In 1844, in a field outside the town of Northampton, Massachusetts, a gang of young men showed up at a revival meeting, making trouble. The meeting’s organizers grew angry; the men – more than a hundred – redoubled their uproar. One of the meeting attendees, a forty-seven-year-old woman, hid behind a chest in the corner of the tent: “I am the only colored person here,” she thought, “and on me, probably, their wicked mischief will fall first, and perhaps fatally.”

The young men started to rock the tent-poles. And she gave herself a talking-to.

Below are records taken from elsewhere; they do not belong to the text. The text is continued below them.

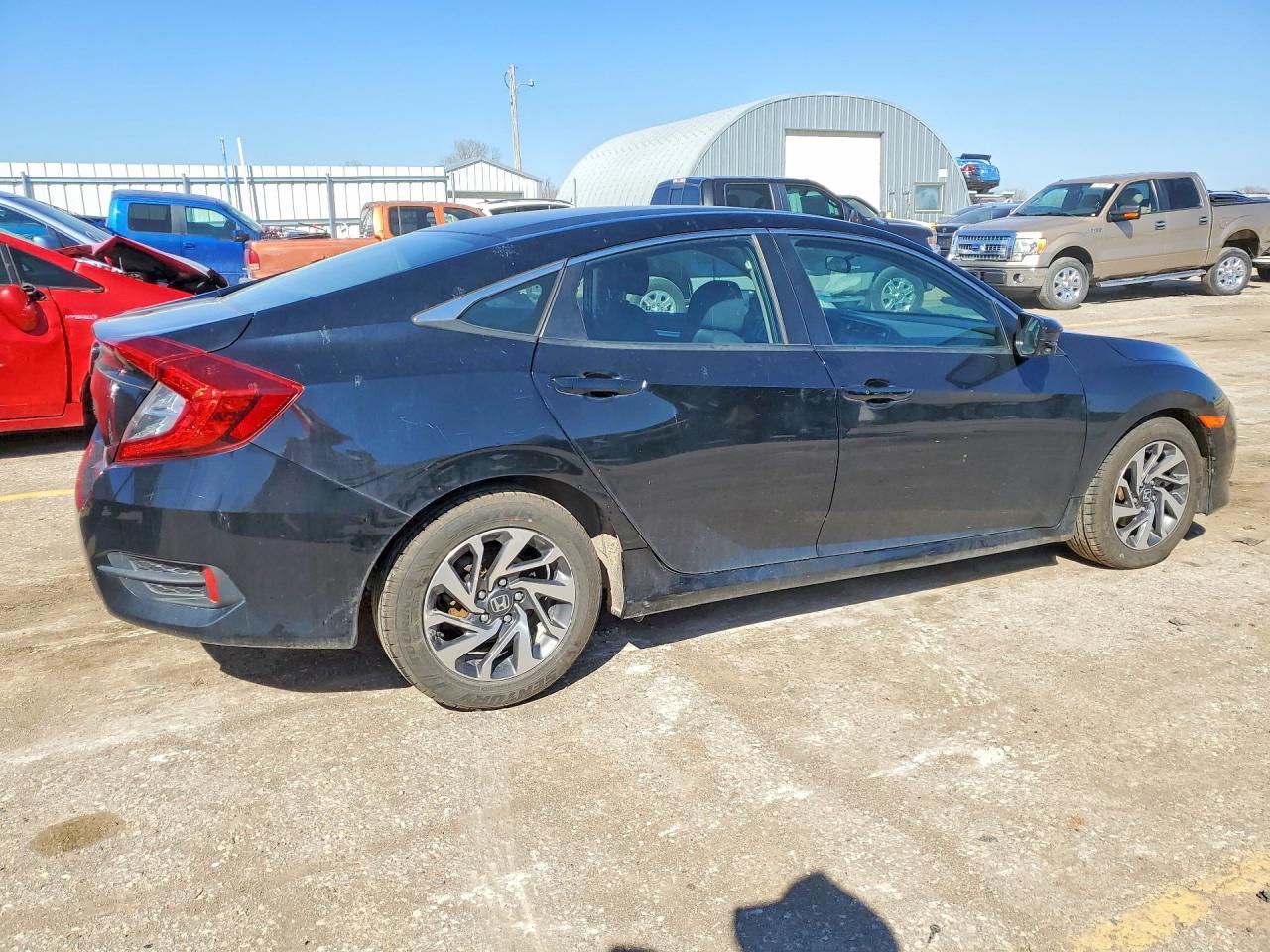 2016 HONDA CIVIC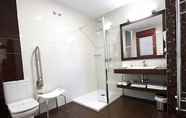 In-room Bathroom 6 Hotel Calzada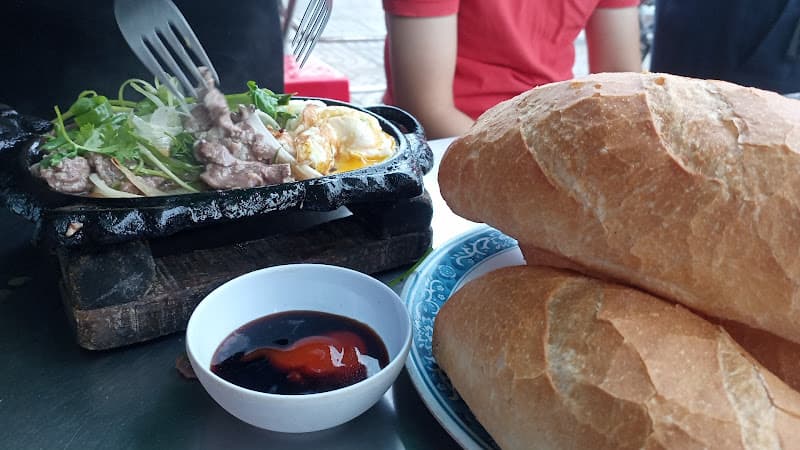 Ảnh bìa Bánh mì phá lấu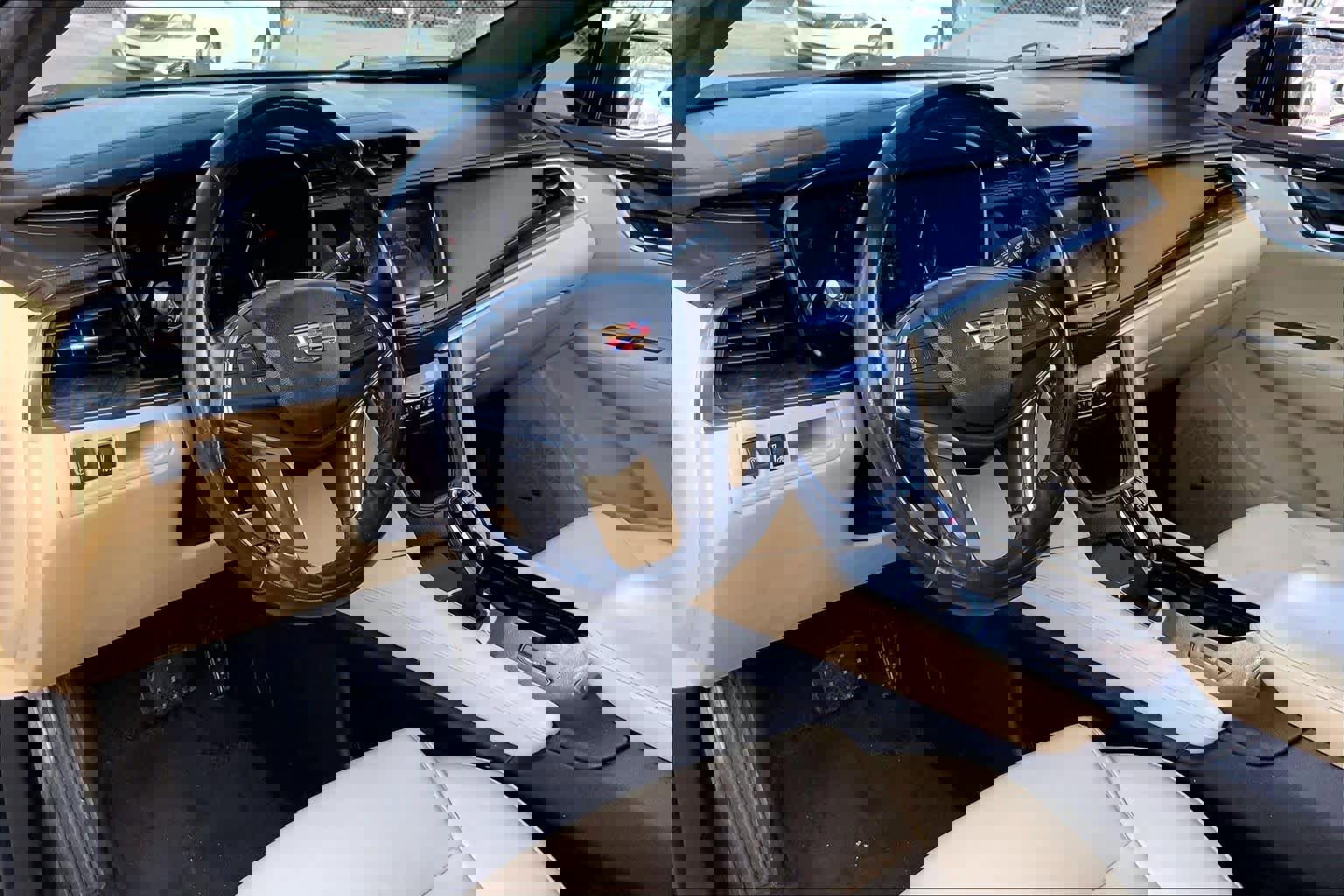 Used 2018 Cadillac XT5 FWD image 16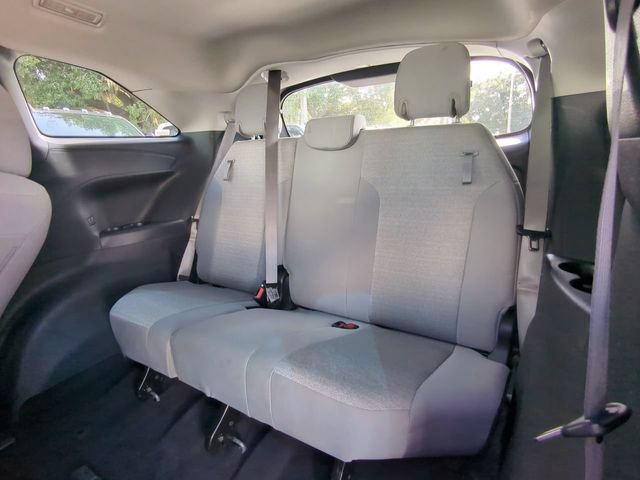 Used 2025 Toyota Sienna LE FWD image 15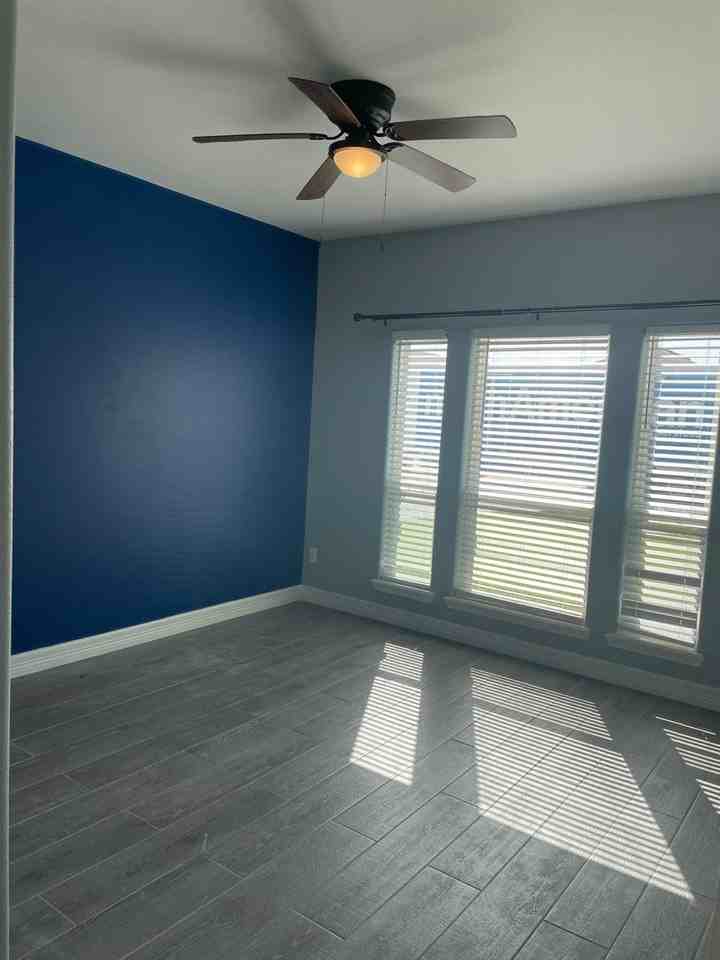 3905 Woodhouse Ln - Photo 6 of 45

“Shall I run away and hide from the devil? Me, a servant of the living God? Have I not faith enough to go out and quell that mob?” She tried, unsuccessfully, to convince a couple of friends to confront the men with her. She left the tent alone, and, the moon bright on the field, she walked up a rise nearby and began to sing.

Sojourner Truth always was a powerful singer.

It got their attention. And after a few minutes’ conversation, she managed to talk them into leaving.

She was born Isabella Baumfree, and grew up in slavery in Rifton, a hamlet in upstate New York. She remembered her mother teaching her the Lord’s Prayer in Dutch, her first language. When she was nine, she was sold, along with a flock of sheep, away from her family. At eighteen, she fell in love with Robert, owned by a neighbor of her enslaver, John Dumont; they had a son, James, who died soon after he was born. This relationship didn’t sit well with Robert’s owner, and she was later made to marry one of Dumont’s slaves, Thomas; all their children would then belong to Dumont. She had four more surviving children. Diana was the child of her rape by Dumont; Peter, Elizabeth, and Sophia were her children with Thomas.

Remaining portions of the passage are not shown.